Magazine Cultura
Pubblico volentieri la recensione di Federica Gazzani sul suo libro "Canto africano":
Canto africano di Federica Gazzani ha vinto la terza edizione del Premio letterario “Il Camaleonte” e si è classificato secondo all’8° Concorso letterario “Il Giunco” nel 2004.
Canto africano racconta, in forma autobiografica, un viaggio effettuato nel 1979 in terra d’Africa. Viaggio che, grazie ai soprusi e alle vessazioni subite, si trasforma per Federica in un’avventura che sprofonda nelle sinuosità del cuore. Perché di cuore, di emozioni e di sensibilità è intriso tutto il romanzo. Federica dà prova, alla sua prima esperienza, di una prosa descrittiva di grande naturalezza anche nei momenti di tensione, che porta il lettore ad immedesimarsi e a soffrire con lei la fame e le angherie di Danny, un cantautore camerunese conosciuto per caso e con il quale è partita. A spingerla è il desiderio di conoscenza, la curiosità per una terra lontana e misteriosa, ma anche l’incoscienza di una venticinquenne che lascia le certezze di una vita ordinata da studentessa universitaria, per affrontare incognite già di per sé sinonimi di avventura.
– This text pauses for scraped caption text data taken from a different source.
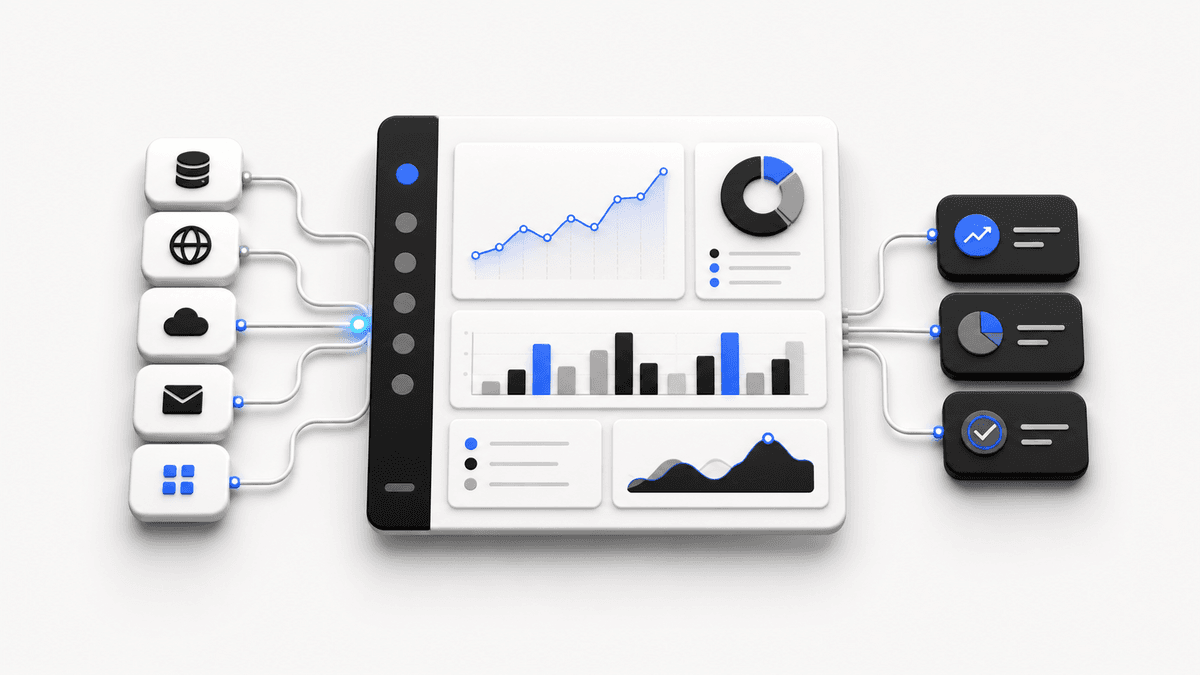 Reporting workflow with connected data sources and analytics dashboards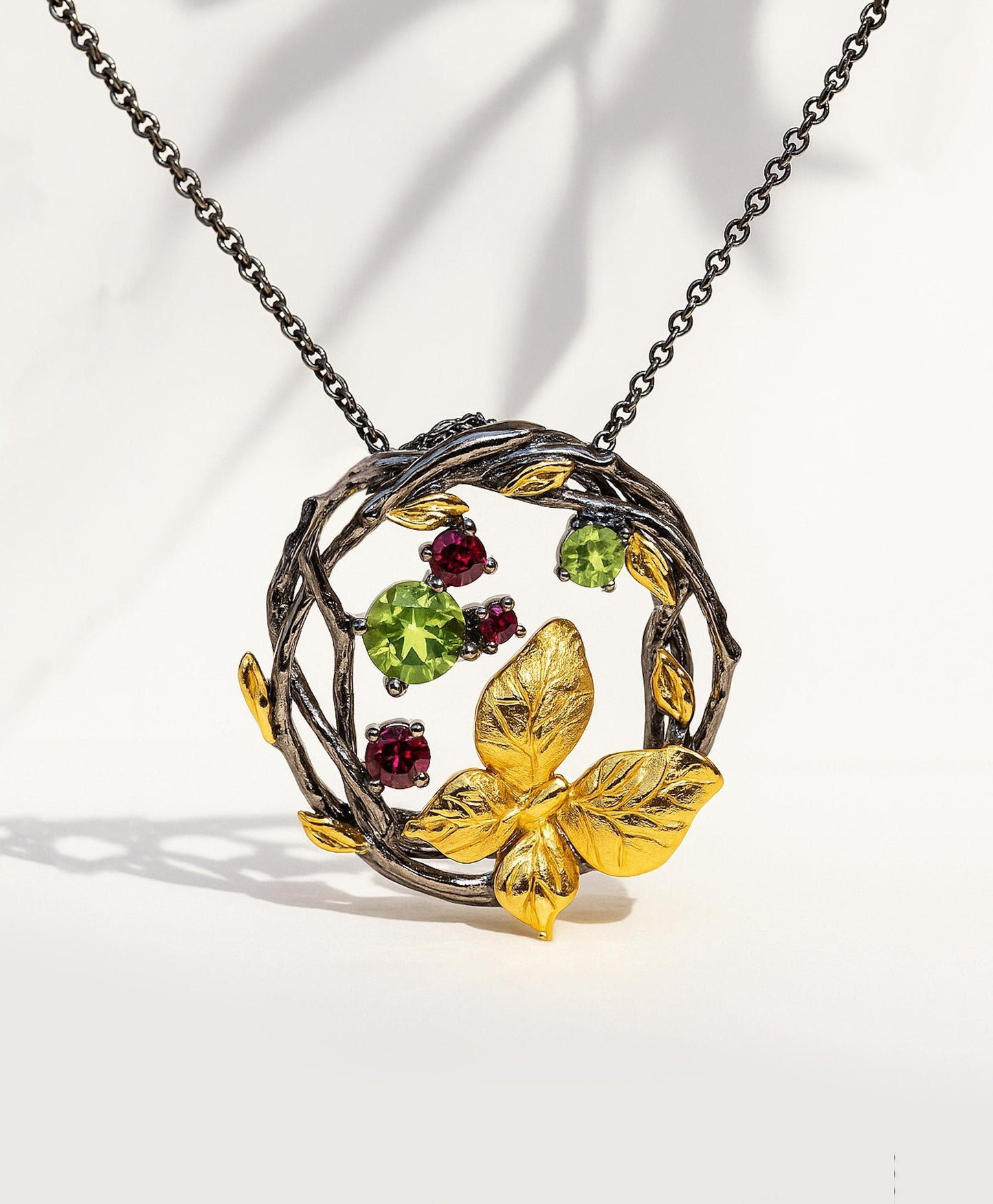 925 Sterling Silver Peridot Amethyst Butterfly Necklace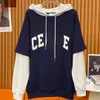 Ce 22s sweat à capuche designer sportswear automne et hiver épissage faux deux hommes et femmes en vrac sweat-shirt en coton pull polyvalent manteau tendance en vrac chemise à manches longues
Il desiderio di conoscenza e di contatto con l’”altro” traspare anche nei momenti di dolore, quando il ritorno a casa si fa sempre più irrealizzabile: ”Nei giorni di disperazione, scendevo in strada a giocare con i bambini che, per via della pelle bianca, mi consideravano una specie di attrazione. Mi saltellavano intorno cantilenando yovo, yovo, e io approfittavo, non senza vergogna e sensi di colpa, di parte delle loro merende.”
La mancanza di giudizio nei confronti della diversità, lo spirito d’adattamento, l’accettazione e la determinazione nel non voler soccombere - resi con un linguaggio semplice ed essenziale - fanno del romanzo uno spunto prezioso di riflessione sul nostro vivere occidentale, ritmato il più delle volte da frenesia e preconcetti. E proprio il ritmo, con la sua energia vitale, è reso sostanziale dalla naturalezza delle movenze africane, dalla quotidianità dei canti, dall’incontro con Manu Dibango in sala d’incisione.
Musica come colonna portante e comune denominatore anche nei silenzi delle notti equatoriali, così diverse e intimiste: “Guardai il cielo chiedendomi quanti altri stessero facendo la stessa cosa, e lui sembrò rispondermi: migliaia di stelle brillavano a pochi centimetri dal mio naso, con una lucentezza tale da togliere il fiato. Sentivo di appartenergli totalmente. Avrei potuto provare paura o smarrimento, invece affondai la testa nella coperta, mi rilassai nell’abbraccio accogliente della sabbia e mi addormentai serena, nonostante il freddo pungente.”
Gli struggenti sfoghi con Dio di Federica nella profondità dei tramonti africani, rendono palpabile la sua fragilità e la disperata ricerca di conforto. Solo la propria legge morale le dà la forza di superare situazioni forse risolutive ma discutibili. Anche l’amore ha la sua parte e la sostiene, dal rapporto sereno con Diego prima, al conflitto lacerante che un prepotente colpo di fulmine le provoca: ”Quando alzò la testa, il suo sguardo incontrò casualmente il mio. E lì si fermò... ma, mio malgrado, anche tutto il resto. Di colpo, mi sembrò di non avere più la terra sotto i piedi, mi girava leggermente la testa e le gambe sembravano non reggermi più, ma non era una sensazione sgradevole. Ondate di calore partivano dall'inguine e mi invadevano fino alla punta dei capelli. Non riuscivo a muovermi, non riuscivo a staccare i miei occhi dai suoi. Forse avevo smesso anche di respirare.”
L’esperienza raccontata, o meglio “cantata” di Federica, rivela tutto il suo rimpianto per l’abbandono di una terra e di un popolo vissuti come propri. Un’apertura all’Africa e al suo fascino, alla sua musica e all’amore, da leggere tutto d’un fiato.